Report: Three steps needed to quit smoking


Staff report



New Year’s Eve is around the corner, and quitting smoking tops many people’s resolutions. A recent survey found that an overwhelming majority of smokers and non-smokers alike agree: Quitting smoking is hard! According to the U.S. Centers for Disease Control and Prevention, 66% of adults in Ohio that smoke tried to quit in 2013. It can take several quit smoking attempts before someone becomes completely smokefree, but it’s important to remember that every smoker can quit.

The American Lung Association says there is a “three-link chain” of physical, social and mental aspects to smoking addiction. Smokers have a better chance of quitting and staying smokefree if they address all three parts of the chain:

1. Physical: When inhaled, nicotine releases dopamine in the brain and makes a smoker feel good. After the dopamine release depletes, the smoker craves another cigarette, and over time builds up a tolerance to nicotine, meaning they have to smoke more to feel the same effect. Talking to a healthcare provider about quit smoking medications can help alleviate this physical addiction.

2. Mental: The act of smoking is often a part of one’s daily routines. Lighting up at specific times of the day-when drinking coffee or driving-or when stressed or tired is common. Proven methods to quit smoking include identifying these triggers, and relearning and adjusting behaviors and routines through a quit plan.

3. Social: Social groups are sometimes formed around smoking-through smoke breaks and habits of a friend group. Turning that concept on its head by relying on social groups that support a quit smoking attempt can be helpful. Encouragement from family and friends, as well as others that are also quitting smoking, can be beneficial to successfully quitting.
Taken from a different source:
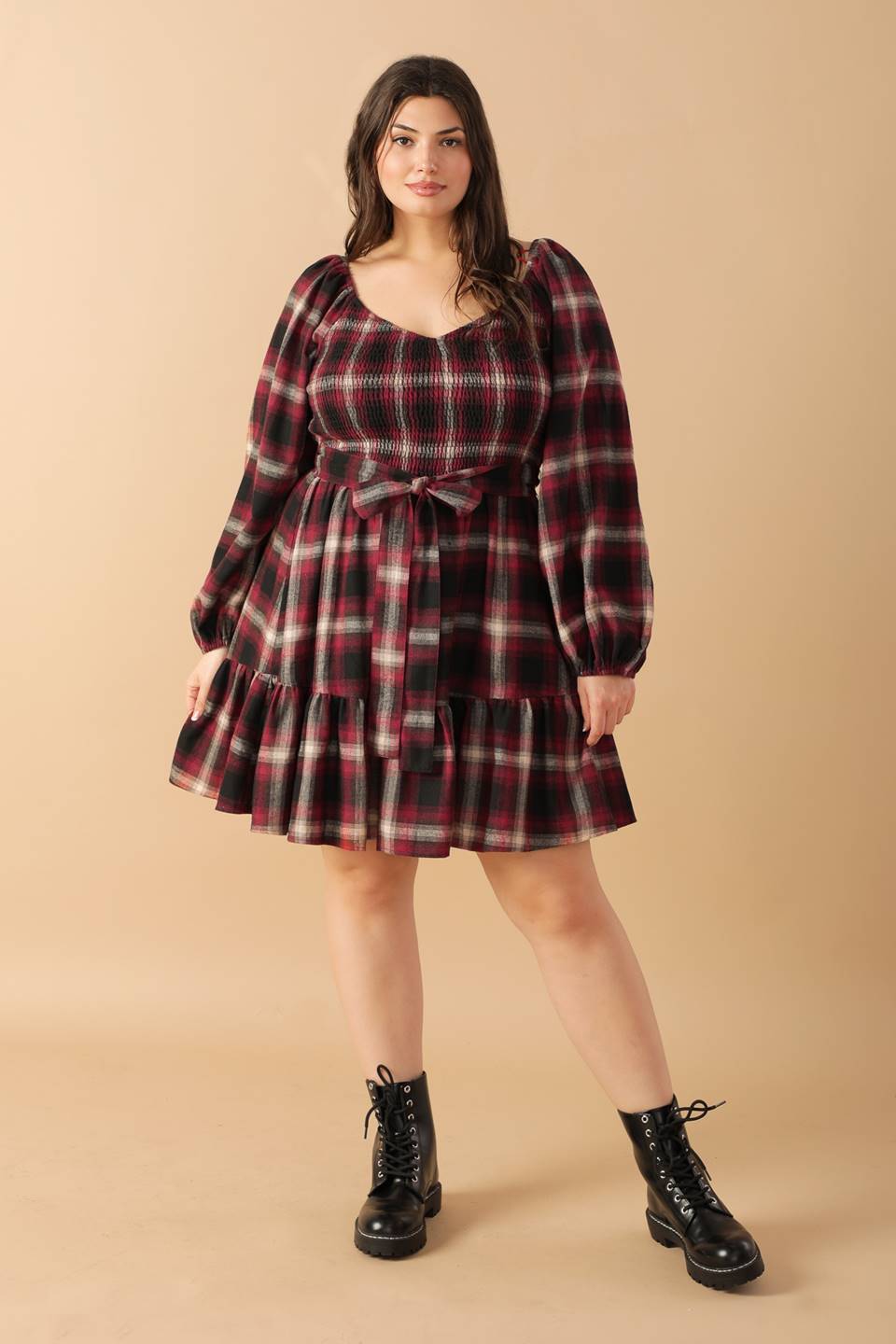 BE WITH YOU WOVEN PLAID MINI DRESS - Mack & Harvie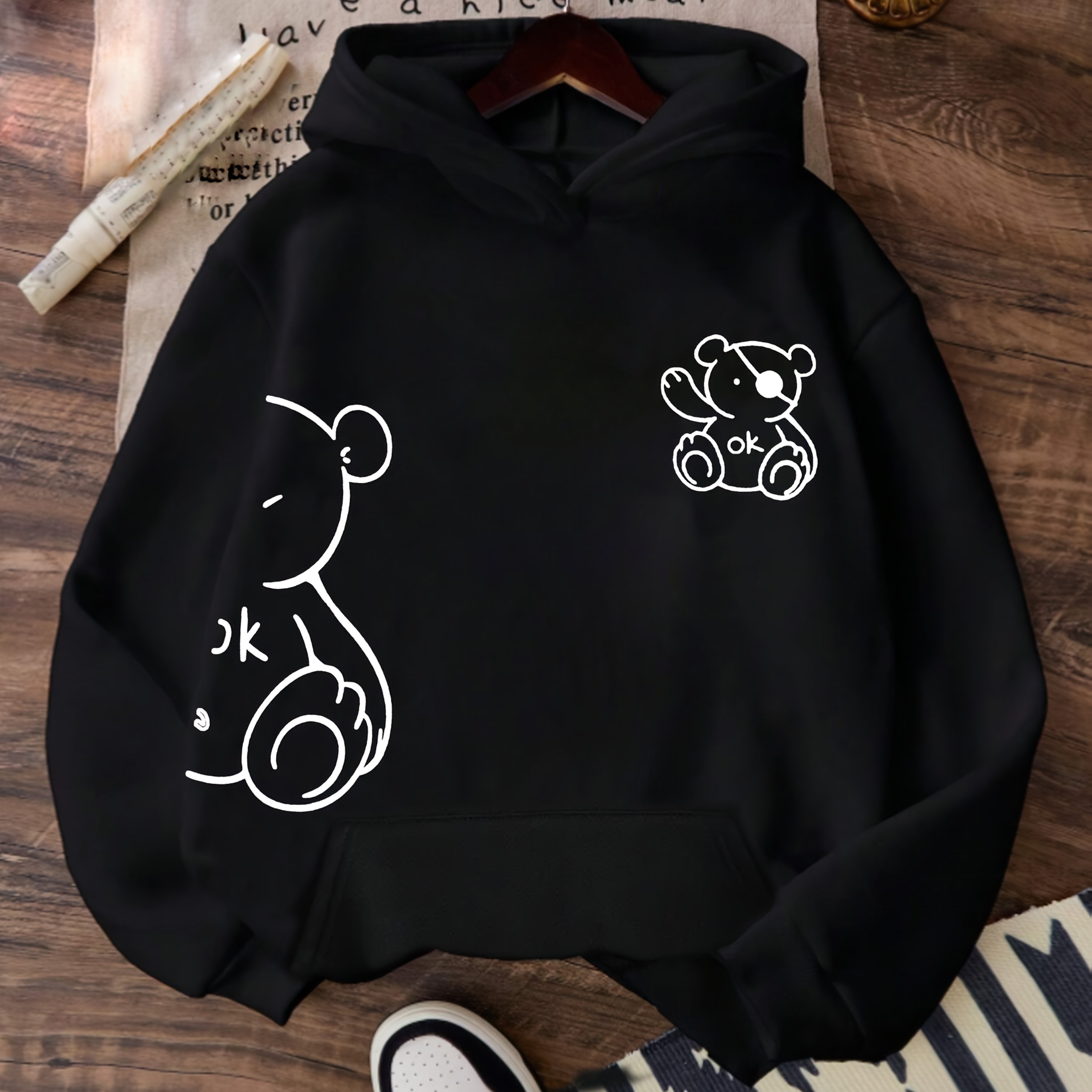 TEMU 1pc Women's Casual Polyester Hoodie With Cute Bear And Drawing Patterns, Animal Print, Knit Fabric, Hooded Collar, Drawstring, Kangaroo Pocket,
“The health benefits of quitting smoking are immediate and substantial,” says Emily Lee, PhD, Senior Director of Programs for the American Lung Association of the Midland States. “Twelve hours after quitting, the carbon monoxide level in your blood drops to normal, and within three months lung function begins to improve, and common symptoms like coughing and shortness of breath decrease.”

Only 4 to 7% of smokers who try to quit cold turkey are successful in remaining smokefree for up to one year. Every smoker can quit and the way to success includes creating a plan that fits the smoker’s quit goals and unique lifestyle. Through the American Lung Association’s Freedom From Smoking® program, participants learn how to set a quit date, address smoking triggers and urges, and stay motivated throughout the duration of a quit attempt.